WASHINGTON, DC–The Tax Cut and Jobs Act is the biggest change to the US tax code in 30 years. There is still much about it that needs clarification. Even the provisions that are perfectly clear, such as the tax rates, lead to further questions, at least in the commercial real estate community.
For instance, many real estate firms are be grappling with the question of whether to structure as a C corp. to take advantage of the new 21% corporate tax rate or to continue on as a pass-through entity.

The lower rate notwithstanding, this can be a surprisingly complex decision to make, says Montgomery McCracken Senior Tax law partner Gary M. Edelson. Here's one reason why: there is still the accumulated earnings tax and the personal holding company tax and therefore, a C corp. can't be used to to hold a large portfolio of stock and bonds. “Business entities where they need every nickel they can get their hands on and have no intention of distributing anything to the equity owners for as long as they can, would do well to opt to be a C corp.,” Edelson says.

And there are other considerations as well.

For instance, the bonus depreciation rule now also applies to used equipment as well as new equipment as long as it's bought from an unrelated person. “Many transactions that might be stock purchases may be recast as asset purchases because the buyer is able to immediately deduct a very substantial portion of the purchase price if that business happens to use a lot of equipment,” Edelson says.

He suggests that you want to be a pass-through entity, he continues, because if you're a C corp. and you sell assets and liquidate, you've got a double tax.
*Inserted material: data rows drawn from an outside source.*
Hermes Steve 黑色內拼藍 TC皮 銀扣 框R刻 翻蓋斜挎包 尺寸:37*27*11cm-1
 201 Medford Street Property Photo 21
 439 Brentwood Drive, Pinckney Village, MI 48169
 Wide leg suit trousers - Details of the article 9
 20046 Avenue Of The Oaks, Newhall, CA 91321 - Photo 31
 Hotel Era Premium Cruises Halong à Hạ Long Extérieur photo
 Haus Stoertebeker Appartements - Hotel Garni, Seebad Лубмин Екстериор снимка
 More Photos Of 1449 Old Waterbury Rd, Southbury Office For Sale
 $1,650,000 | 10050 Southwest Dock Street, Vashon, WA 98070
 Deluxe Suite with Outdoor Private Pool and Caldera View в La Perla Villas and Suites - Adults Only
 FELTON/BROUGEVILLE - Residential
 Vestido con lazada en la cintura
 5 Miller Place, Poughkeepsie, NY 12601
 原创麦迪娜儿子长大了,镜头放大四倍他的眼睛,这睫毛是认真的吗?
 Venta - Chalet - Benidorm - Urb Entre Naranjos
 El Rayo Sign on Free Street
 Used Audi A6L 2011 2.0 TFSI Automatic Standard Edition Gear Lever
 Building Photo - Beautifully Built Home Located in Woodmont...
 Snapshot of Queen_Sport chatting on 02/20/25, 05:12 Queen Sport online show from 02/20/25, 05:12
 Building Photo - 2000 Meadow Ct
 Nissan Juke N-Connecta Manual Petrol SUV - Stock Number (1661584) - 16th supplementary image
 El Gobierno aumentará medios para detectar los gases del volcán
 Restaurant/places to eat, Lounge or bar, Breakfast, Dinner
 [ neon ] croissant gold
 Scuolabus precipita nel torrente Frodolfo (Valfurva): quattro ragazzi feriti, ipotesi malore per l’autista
Whereas if you're a pass-through, you've got a single-level tax. All of this makes that decision of whether to opt for C corp. or pass-through entity that much more difficult, Edelson says, because to make the best decision you have to know what is going to happen down the road.

Indeed, he says, anyone who makes the knee-jerk decision to change their structure to a C corp. is kidding themselves if they really believe they can think through all of the collateral implications. “My guess is it's going to be mid-year before people are able to fully think through all of the ramifications of making a choice of entity decision.”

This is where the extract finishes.